High-quality preschool education isn’t lacking only in Philadelphia, but also in their neighboring suburbs—some of which are considered higher-income, four new reports state.
A series of studies done by the Philadelphia-based advocacy group Public Citizens for Children and Youth found that only 13 percent of pre-K programs in Pennsylvania’s Delaware County were considered to be of high quality in 2013. A mere 15 percent were awarded that accolade in Pennsylvania’s Chester County, while 18 percent received it in Bucks County, and 20 percent were given it in Montgomery Country.
High-quality programs were defined as those which have teachers who understand age-appropriate ways to teach literacy and mathematics among other subjects, as well the social and emotional development of young children, Shawn Towey, the organization’s child-care policy coordinator, told The Philadelphia Inquirer.
“There’s a vast difference between babysitting and high-quality early-learning opportunities,” Towey said.

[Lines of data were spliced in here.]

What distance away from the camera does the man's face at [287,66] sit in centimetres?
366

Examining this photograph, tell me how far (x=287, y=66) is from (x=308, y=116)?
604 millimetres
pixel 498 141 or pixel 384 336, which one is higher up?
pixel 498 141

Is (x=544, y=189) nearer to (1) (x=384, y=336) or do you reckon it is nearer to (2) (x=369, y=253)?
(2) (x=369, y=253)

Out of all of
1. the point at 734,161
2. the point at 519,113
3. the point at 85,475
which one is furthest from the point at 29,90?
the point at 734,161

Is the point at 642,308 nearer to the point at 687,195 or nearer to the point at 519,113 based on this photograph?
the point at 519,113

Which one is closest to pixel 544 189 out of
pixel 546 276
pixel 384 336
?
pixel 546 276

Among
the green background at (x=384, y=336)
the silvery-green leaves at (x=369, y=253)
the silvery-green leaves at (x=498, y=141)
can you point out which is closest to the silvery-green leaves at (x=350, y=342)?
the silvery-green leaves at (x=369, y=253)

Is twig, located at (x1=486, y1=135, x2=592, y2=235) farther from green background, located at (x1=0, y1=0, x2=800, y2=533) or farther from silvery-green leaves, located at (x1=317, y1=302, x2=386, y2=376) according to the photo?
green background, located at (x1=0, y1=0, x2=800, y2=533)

High-quality subsidized federal and state programs were deemed very difficult to access: The number of 3- and 4-year-old children who qualify for Pennsylvania’s Pre-K Counts and Head Start programs far exceed supply.
In Chester County, for example, 68 slots were offered for 4,372 eligible students while in Pennsylvania’s Delaware County 326 seats were available where 7,193 students qualified.

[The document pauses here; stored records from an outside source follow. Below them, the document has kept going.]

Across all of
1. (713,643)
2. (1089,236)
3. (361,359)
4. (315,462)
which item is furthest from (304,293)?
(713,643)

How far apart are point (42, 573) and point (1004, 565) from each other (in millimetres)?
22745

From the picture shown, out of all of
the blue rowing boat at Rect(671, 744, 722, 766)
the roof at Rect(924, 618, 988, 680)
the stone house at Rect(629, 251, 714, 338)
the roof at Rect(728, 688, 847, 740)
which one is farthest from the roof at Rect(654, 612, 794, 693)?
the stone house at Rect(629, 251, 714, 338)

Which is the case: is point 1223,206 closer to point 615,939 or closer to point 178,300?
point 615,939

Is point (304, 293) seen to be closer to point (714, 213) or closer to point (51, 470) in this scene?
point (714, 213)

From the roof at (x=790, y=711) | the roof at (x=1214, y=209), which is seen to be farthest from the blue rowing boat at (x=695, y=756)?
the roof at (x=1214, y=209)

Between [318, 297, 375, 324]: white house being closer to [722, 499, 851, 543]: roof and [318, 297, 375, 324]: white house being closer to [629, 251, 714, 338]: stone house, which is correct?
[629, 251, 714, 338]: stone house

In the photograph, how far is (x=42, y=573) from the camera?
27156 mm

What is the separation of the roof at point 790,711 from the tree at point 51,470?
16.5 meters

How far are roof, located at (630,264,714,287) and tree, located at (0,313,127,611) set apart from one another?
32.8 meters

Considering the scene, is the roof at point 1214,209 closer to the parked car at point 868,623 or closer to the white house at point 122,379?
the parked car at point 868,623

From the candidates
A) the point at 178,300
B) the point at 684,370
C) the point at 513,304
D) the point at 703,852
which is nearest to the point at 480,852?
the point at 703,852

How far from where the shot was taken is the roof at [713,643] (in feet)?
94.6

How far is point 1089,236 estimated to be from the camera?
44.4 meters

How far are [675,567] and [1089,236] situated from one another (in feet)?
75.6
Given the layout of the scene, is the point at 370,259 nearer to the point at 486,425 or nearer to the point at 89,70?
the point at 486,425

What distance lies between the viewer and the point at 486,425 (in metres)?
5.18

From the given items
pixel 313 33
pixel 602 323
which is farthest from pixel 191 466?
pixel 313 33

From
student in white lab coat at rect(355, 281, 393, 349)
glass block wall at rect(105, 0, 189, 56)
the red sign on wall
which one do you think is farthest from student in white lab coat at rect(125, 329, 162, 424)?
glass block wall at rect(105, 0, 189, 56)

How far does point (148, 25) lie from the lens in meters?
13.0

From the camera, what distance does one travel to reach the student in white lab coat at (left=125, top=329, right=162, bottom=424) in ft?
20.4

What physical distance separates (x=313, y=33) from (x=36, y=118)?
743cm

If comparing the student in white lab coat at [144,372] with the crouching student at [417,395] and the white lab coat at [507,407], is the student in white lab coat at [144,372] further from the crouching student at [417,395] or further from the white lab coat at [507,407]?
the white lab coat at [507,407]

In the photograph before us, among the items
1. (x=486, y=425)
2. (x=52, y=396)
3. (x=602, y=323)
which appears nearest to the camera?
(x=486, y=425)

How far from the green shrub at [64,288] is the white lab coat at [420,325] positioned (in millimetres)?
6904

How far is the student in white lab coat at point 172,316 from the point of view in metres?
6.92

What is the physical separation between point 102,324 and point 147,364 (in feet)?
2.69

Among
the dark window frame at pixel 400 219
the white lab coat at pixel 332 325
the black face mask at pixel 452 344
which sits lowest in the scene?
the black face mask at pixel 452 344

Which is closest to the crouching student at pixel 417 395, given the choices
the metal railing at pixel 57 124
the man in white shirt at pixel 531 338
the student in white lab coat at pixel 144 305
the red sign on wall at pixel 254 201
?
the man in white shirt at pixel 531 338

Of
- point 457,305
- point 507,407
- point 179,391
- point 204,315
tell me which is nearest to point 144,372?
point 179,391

Only a handful of children in the Philadelphia suburbs attended high-quality programs—4 percent in Delaware and Bucks counties, 6.5 percent in Chester, and 7 percent in Montgomery counties, the reports stated.
The studies were compiled using data from the state Office of Development and Early Learning, which is run by the Department of Public Welfare and the Department of Education, the reports state.
The report on Bucks County, called “The Bottom Line is Children: Public Education in Bucks County,” is available on the organization’s website.
Data for other suburban Philadelphia counties were provided to Education Week ahead of their unveiling, but will be available to all on that site later this week, said Anthony Hopkins, the organization’s communications director.